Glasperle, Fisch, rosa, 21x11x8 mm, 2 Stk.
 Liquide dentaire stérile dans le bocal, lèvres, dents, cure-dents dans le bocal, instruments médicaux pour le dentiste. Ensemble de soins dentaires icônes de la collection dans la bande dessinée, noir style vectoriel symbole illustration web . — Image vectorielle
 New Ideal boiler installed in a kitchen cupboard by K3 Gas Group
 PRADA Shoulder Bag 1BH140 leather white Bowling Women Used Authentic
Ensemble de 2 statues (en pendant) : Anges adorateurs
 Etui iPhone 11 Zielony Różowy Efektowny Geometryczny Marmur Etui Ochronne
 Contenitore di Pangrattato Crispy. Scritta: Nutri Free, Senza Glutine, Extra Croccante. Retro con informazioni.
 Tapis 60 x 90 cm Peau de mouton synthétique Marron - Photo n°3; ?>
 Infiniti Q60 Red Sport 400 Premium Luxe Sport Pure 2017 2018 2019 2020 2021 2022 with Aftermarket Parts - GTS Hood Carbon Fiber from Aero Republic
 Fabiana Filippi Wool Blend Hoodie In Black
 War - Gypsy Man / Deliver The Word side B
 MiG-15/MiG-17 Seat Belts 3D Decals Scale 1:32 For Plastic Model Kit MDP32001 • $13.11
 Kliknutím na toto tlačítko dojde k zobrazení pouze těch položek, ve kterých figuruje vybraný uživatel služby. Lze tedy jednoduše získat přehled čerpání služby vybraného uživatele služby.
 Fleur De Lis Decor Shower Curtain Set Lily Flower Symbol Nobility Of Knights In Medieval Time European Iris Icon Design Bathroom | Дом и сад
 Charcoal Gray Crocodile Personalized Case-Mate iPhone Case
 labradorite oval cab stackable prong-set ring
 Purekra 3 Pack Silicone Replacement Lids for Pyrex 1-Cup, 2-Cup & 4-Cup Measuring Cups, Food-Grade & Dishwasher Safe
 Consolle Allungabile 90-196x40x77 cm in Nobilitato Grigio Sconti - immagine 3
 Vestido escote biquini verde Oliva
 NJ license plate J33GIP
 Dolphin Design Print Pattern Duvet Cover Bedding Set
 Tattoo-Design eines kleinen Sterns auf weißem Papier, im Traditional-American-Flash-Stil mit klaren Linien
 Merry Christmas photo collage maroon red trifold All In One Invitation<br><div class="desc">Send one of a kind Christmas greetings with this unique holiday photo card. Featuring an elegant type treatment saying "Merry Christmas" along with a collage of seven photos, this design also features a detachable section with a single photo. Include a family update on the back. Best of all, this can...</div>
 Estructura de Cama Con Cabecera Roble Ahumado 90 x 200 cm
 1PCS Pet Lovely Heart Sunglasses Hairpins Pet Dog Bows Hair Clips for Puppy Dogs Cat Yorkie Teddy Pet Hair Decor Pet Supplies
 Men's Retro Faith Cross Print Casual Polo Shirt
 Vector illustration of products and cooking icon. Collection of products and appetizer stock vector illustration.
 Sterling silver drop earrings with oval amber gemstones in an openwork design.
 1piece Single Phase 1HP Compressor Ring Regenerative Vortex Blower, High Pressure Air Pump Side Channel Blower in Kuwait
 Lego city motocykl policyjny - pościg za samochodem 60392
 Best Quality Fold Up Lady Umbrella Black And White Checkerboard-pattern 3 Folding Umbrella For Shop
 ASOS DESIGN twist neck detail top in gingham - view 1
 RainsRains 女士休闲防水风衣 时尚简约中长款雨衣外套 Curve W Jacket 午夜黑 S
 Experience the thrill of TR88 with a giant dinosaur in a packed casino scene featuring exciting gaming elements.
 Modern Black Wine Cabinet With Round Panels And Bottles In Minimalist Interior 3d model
-- -- --
Each line of the material must be copied exactly.

== Answer below ==
Glasperle, Fisch, rosa, 21x11x8 mm, 2 Stk.
 Liquide dentaire stérile dans le bocal, lèvres, dents, cure-dents dans le bocal, instruments médicaux pour le dentiste. Ensemble de soins dentaires icônes de la collection dans la bande dessinée, noir style vectoriel symbole illustration web . — Image vectorielle
 New Ideal boiler installed in a kitchen cupboard by K3 Gas Group
 PRADA Shoulder Bag 1BH140 leather white Bowling Women Used Authentic
Ensemble de 2 statues (en pendant) : Anges adorateurs
 Etui iPhone 11 Zielony Różowy Efektowny Geometryczny Marmur Etui Ochronne
 Contenitore di Pangrattato Crispy. Scritta: Nutri Free, Senza Glutine, Extra Croccante. Retro con informazioni.
 Tapis 60 x 90 cm Peau de mouton synthétique Marron - Photo n°3; ?>
 Infiniti Q60 Red Sport 400 Premium Luxe Sport Pure 2017 2018 2019 2020 2021 2022 with Aftermarket Parts - GTS Hood Carbon Fiber from Aero Republic
 Fabiana Filippi Wool Blend Hoodie In Black
 War - Gypsy Man / Deliver The Word side B
 MiG-15/MiG-17 Seat Belts 3D Decals Scale 1:32 For Plastic Model Kit MDP32001 • $13.11
 Kliknutím na toto tlačítko dojde k zobrazení pouze těch položek, ve kterých figuruje vybraný uživatel služby. Lze tedy jednoduše získat přehled čerpání služby vybraného uživatele služby.
 Fleur De Lis Decor Shower Curtain Set Lily Flower Symbol Nobility Of Knights In Medieval Time European Iris Icon Design Bathroom | Дом и сад
 Charcoal Gray Crocodile Personalized Case-Mate iPhone Case
 labradorite oval cab stackable prong-set ring
 Purekra 3 Pack Silicone Replacement Lids for Pyrex 1-Cup, 2-Cup & 4-Cup Measuring Cups, Food-Grade & Dishwasher Safe
 Consolle Allungabile 90-196x40x77 cm in Nobilitato Grigio Sconti - immagine 3
 Vestido escote biquini verde Oliva
 NJ license plate J33GIP
 Dolphin Design Print Pattern Duvet Cover Bedding Set
 Tattoo-Design eines kleinen Sterns auf weißem Papier, im Traditional-American-Flash-Stil mit klaren Linien
 Merry Christmas photo collage maroon red trifold All In One Invitation<br><div class="desc">Send one of a kind Christmas greetings with this unique holiday photo card. Featuring an elegant type treatment saying "Merry Christmas" along with a collage of seven photos, this design also features a detachable section with a single photo. Include a family update on the back. Best of all, this can...</div>
 Estructura de Cama Con Cabecera Roble Ahumado 90 x 200 cm
 1PCS Pet Lovely Heart Sunglasses Hairpins Pet Dog Bows Hair Clips for Puppy Dogs Cat Yorkie Teddy Pet Hair Decor Pet Supplies
 Men's Retro Faith Cross Print Casual Polo Shirt
 Vector illustration of products and cooking icon. Collection of products and appetizer stock vector illustration.
 Sterling silver drop earrings with oval amber gemstones in an openwork design.
 1piece Single Phase 1HP Compressor Ring Regenerative Vortex Blower, High Pressure Air Pump Side Channel Blower in Kuwait
 Lego city motocykl policyjny - pościg za samochodem 60392
 Best Quality Fold Up Lady Umbrella Black And White Checkerboard-pattern 3 Folding Umbrella For Shop
 ASOS DESIGN twist neck detail top in gingham - view 1
 RainsRains 女士休闲防水风衣 时尚简约中长款雨衣外套 Curve W Jacket 午夜黑 S
 Experience the thrill of TR88 with a giant dinosaur in a packed casino scene featuring exciting gaming elements.
 Modern Black Wine Cabinet With Round Panels And Bottles In Minimalist Interior 3d model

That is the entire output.